Business & Financial News
Kenya's private sector activity returns to growth in October - PMI

CBK provides massive liquidity injection to calm markets amid signs of financial stress

By Agencies

Kenyan banks and microfinance institutions tapped Sh54.2 billion in loans from the Central Bank of Kenya (CBK) to boost their liquidity positions in the financial year ended June, pointing to a growing challenge among smaller lenders.

Disclosures in the CBK’s annual report show a 6.3 percent increase in loans advanced to the financial institutions from Sh51.03 billion that was borrowed in the preceding similar period.

Read: Kenya to experience prolonged financial stress new data shows

The enhanced use of the loans, under the liquidity support framework, was on the back of the sector’s overall liquidity dropping from 52.5 percent to 49.7 percent at the close of June. A 49.7 percent liquidity ratio is more than double the minimum statutory level of 20 percent and the use of the support facility points to a skewed distribution of liquidity in the sector.

The regulator had earlier said, without giving names, that three commercial banks in the year to December 2022 violated Section 19 (1) of the Banking Act on maintaining the minimum statutory liquidity ratio at 20 percent.

The ratio is a key metric for assessing banks’ ability to settle their maturing obligations without difficulties.

The CBK’s ramped-up liquidity support to the banking system has also come in an environment of rising interest rates on the interbank market.

Banks have other tools for addressing their liquidity, including tapping into the inter-bank market and the discount window but the rates under these options were rising during the review period.

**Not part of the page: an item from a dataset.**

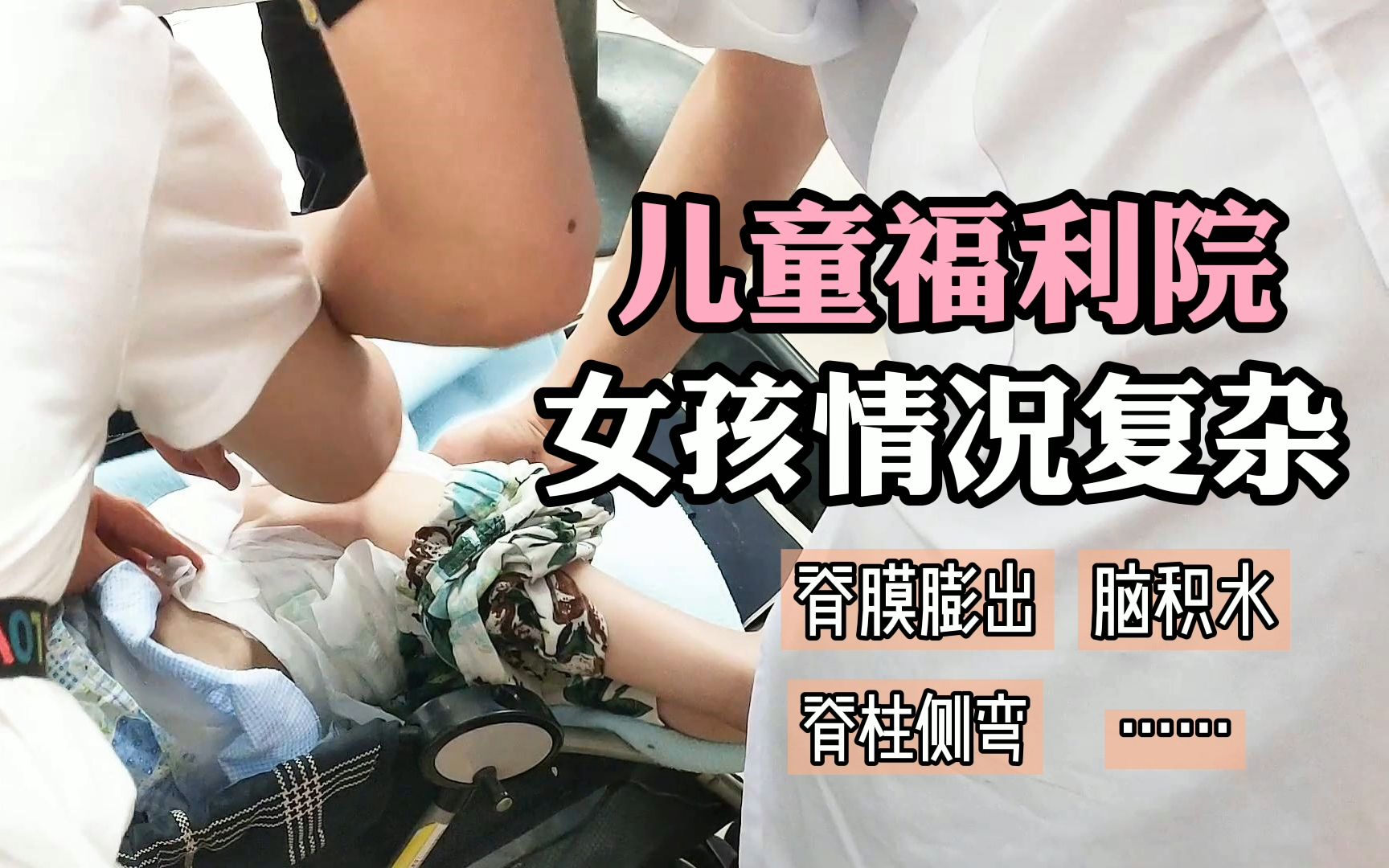 活动  神经外科诊室里,两位儿童福利院的脑积水女孩情况有些复杂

Rates at the interbank market nearly doubled from 5.3 percent at the end of June last year to 10.2 percent at the close of June 2023 and is now at 12.3 percent.

Borrowing from the discount window has been at 14.5 percent compared with 13.5 percent in the previous year.

At Sh54.2 billion, the liquidity support framework was the highest securities and advances from the CBK to banks followed by Sh41.14 billion repurchase agreements — securitised borrowings by banks using T-bills and T-bonds.

The regulator has been alert to avoid a confidence crisis in the market such as the one caused by three lenders —Dubai, Imperial and Chase banks— that sank into receivership owing to mismanagement.

In April 2016, the CBK announced the rollout of the liquidity support facility for commercial and microfinance banks that come under liquidity pressures not borne out of mismanagement.

Financial obligations

Banks tapped Sh6.5 billion from this window in the year to June 2016 and its use has been rising, hitting a record Sh55.47 billion in the year ended June 2021.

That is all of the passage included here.